§ HOW TO COMPLETE THIS TASK: Return only that part of the material below which starts with the line containing "moschino knit dress" and goes on through the line containing "Erdoğan, Bahçeli ile", restated exactly.

§ EXTRACTED ENTRIES:

▼

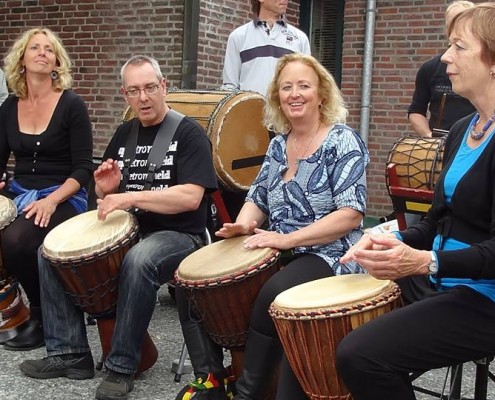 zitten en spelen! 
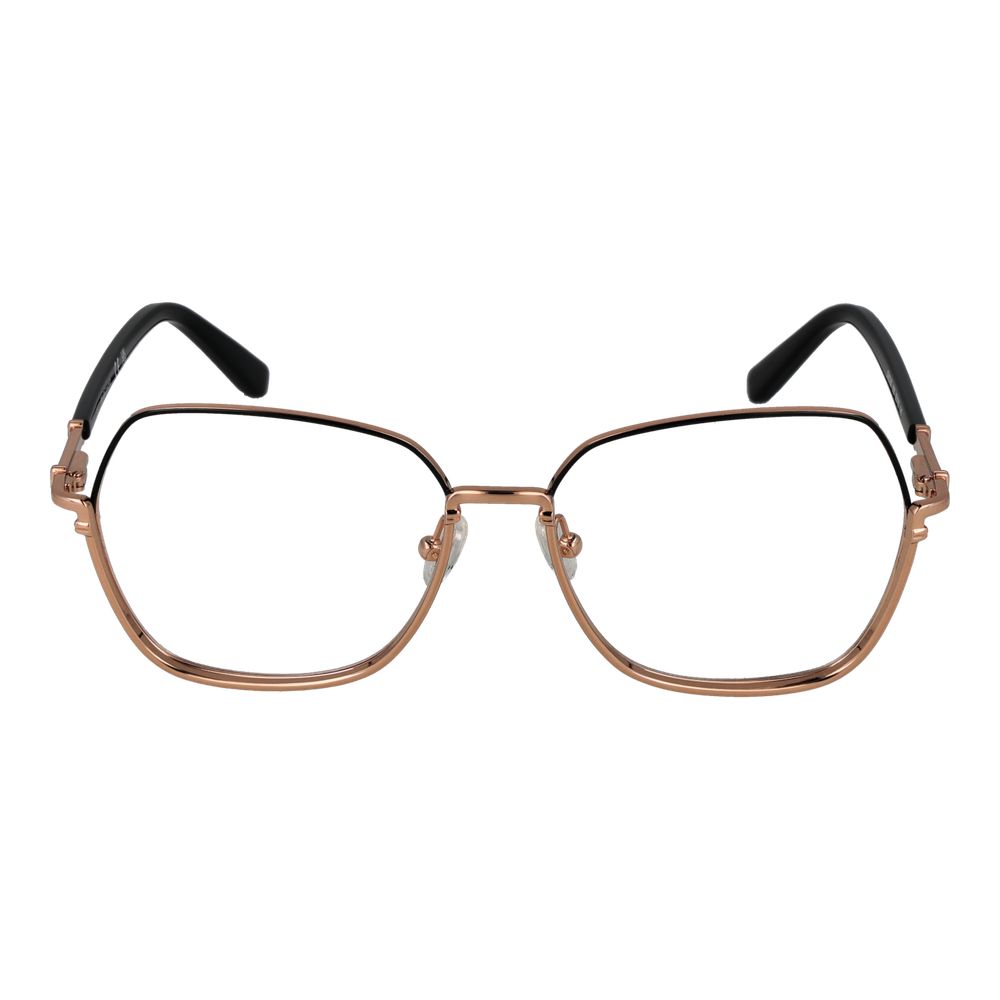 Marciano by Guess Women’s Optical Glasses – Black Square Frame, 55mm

▲
▼

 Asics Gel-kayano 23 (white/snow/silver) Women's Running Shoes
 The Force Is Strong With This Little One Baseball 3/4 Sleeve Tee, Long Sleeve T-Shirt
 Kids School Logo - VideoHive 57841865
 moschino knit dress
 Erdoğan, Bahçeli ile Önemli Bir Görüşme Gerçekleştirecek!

▲

§ RESPONSE AREA:
 moschino knit dress
 Erdoğan, Bahçeli ile Önemli Bir Görüşme Gerçekleştirecek!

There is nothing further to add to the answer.